__WORK TO BE COMPLETED__
In the entries that follow, find the line containing "GAC Hyptec HL, 2025 — фото 9 из 9", then output exactly every line from the first through that one.

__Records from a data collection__
Content starts

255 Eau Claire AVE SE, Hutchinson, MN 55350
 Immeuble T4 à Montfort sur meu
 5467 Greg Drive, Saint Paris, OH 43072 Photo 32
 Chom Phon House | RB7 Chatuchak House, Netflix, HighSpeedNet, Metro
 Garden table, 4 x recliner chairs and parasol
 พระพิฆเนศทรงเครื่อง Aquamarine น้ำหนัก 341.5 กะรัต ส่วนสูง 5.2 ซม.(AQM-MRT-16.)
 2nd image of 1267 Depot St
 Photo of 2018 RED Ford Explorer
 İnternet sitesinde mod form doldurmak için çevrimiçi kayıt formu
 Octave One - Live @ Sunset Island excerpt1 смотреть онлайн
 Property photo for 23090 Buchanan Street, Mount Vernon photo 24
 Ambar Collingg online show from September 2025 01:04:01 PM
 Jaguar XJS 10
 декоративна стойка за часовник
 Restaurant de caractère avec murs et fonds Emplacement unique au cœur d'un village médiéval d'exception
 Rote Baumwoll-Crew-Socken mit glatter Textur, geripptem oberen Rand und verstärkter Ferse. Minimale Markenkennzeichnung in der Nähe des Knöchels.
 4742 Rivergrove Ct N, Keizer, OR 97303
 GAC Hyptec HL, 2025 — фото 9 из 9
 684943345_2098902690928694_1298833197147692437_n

Content ends

__ANSWER TO THIS EXERCISE__
255 Eau Claire AVE SE, Hutchinson, MN 55350
 Immeuble T4 à Montfort sur meu
 5467 Greg Drive, Saint Paris, OH 43072 Photo 32
 Chom Phon House | RB7 Chatuchak House, Netflix, HighSpeedNet, Metro
 Garden table, 4 x recliner chairs and parasol
 พระพิฆเนศทรงเครื่อง Aquamarine น้ำหนัก 341.5 กะรัต ส่วนสูง 5.2 ซม.(AQM-MRT-16.)
 2nd image of 1267 Depot St
 Photo of 2018 RED Ford Explorer
 İnternet sitesinde mod form doldurmak için çevrimiçi kayıt formu
 Octave One - Live @ Sunset Island excerpt1 смотреть онлайн
 Property photo for 23090 Buchanan Street, Mount Vernon photo 24
 Ambar Collingg online show from September 2025 01:04:01 PM
 Jaguar XJS 10
 декоративна стойка за часовник
 Restaurant de caractère avec murs et fonds Emplacement unique au cœur d'un village médiéval d'exception
 Rote Baumwoll-Crew-Socken mit glatter Textur, geripptem oberen Rand und verstärkter Ferse. Minimale Markenkennzeichnung in der Nähe des Knöchels.
 4742 Rivergrove Ct N, Keizer, OR 97303
 GAC Hyptec HL, 2025 — фото 9 из 9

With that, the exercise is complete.